The dataset contains the following 18 CSV files:
• dailyActivity_merged.csv
• dailyCalories_merged.csv
• dailyIntensities_merged.csv
• dailySteps_merged.csv
• heartrate_seconds_merged.csv
• hourlyCalories_merged.csv
• hourlyIntensities_merged.csv
• hourlySteps_merged.csv
• minuteCaloriesNarrow_merged.csv
• minuteCaloriesWide_merged.csv
• minuteIntensitiesNarrow_merged.csv
• minuteIntensitiesWide_merged.csv
• minuteMETsNarrow_merged.csv
• minuteSleep_merged.csv
• minuteStepsNarrow_merged.csv
• minuteStepsWide_merged.csv
• sleepDay_merged.csv
• weightLogInfo_merged.csv

Data Loading

The data has been unzipped and placed in the ./data folder. Each of these CSV files was loaded into the global environment as data frames using a custom load_csv_files function.

Data Overview

Using the skim function, a preliminary overview of the data was obtained. The dataset consists of 18 CSV files that can be categorized as follows:

• Daily Data:
o dailyActivity_merged
o dailyCalories_merged
o dailyIntensities_merged
o dailySteps_merged
• Hourly Data:
o hourlyCalories_merged
o hourlyIntensities_merged
o hourlySteps_merged
• Minutely Data:
o minuteCaloriesNarrow_merged
o minuteCaloriesWide_merged
o minuteIntensitiesNarrow_merged
o minuteIntensitiesWide_merged
o minuteMETsNarrow_merged
o minuteSleep_merged
o minuteStepsNarrow_merged
o minuteStepsWide_merged
• Other Data:
o heartrate_seconds_merged
o sleepDay_merged
o weightLogInfo_merged

Data Merging

• Daily Data:
o dailyActivity_merged is already a merge of dailyCalories_merged, dailyIntensities_merged, and dailySteps_merged.
o sleepDay_merged can be joined with dailyActivity_merged as both contain daily records.
• Hourly Data:
o Hourly data files can be merged to create hourlyActivity_merged.
• Minutely Data:
o Minutely data files can be merged to create minuteActivity_merged.
The merged datasets will provide a comprehensive view of user activity at different time intervals, enabling a detailed analysis of user habits and usage patterns.

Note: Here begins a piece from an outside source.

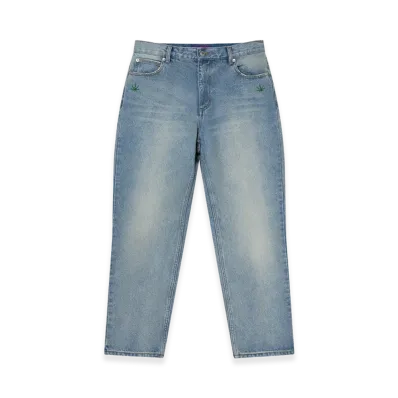 BlackEyePatch Weed Icon Baggy Jeans "Indigo"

Data Cleaning and Manipulation

Before proceeding with the analysis, the following steps will be taken to clean and manipulate the data:
1. Handling Missing Values: Missing values will be identified and appropriately handled (e.g., imputation, removal).
2. Removing Duplicates: Duplicate records will be removed to ensure data integrity.
3. Data Type Conversion: Ensure all columns have the correct data types (e.g., datetime for date columns).
4. Merging Data: Merge the datasets as described to create comprehensive daily, hourly, and minutely datasets.

Data Preparation Steps

Drop Unnecessary DataFrames: Since dailyActivity_merged is already a combination of dailyCalories_merged, dailyIntensities_merged, and dailySteps_merged, these separate dataframes are not needed and were dropped from the environment.
Check for Missing Values:

All data frames were checked for missing values. No missing values were found in any of the data frames.

Remove Duplicates:

• minuteSleep_merged had 543 duplicates.
• sleepDay_merged had 3 duplicates.

Duplicates were removed and the data was rechecked to confirm there were no remaining duplicates.

Data Shape and Types:

Each data frame was inspected for the number of observations and variables. The observations range from 940 to approximately 2.5 million. It was noted that the variables related to dates and times are stored as text data ( data type), which can cause issues in comparisons and calculations.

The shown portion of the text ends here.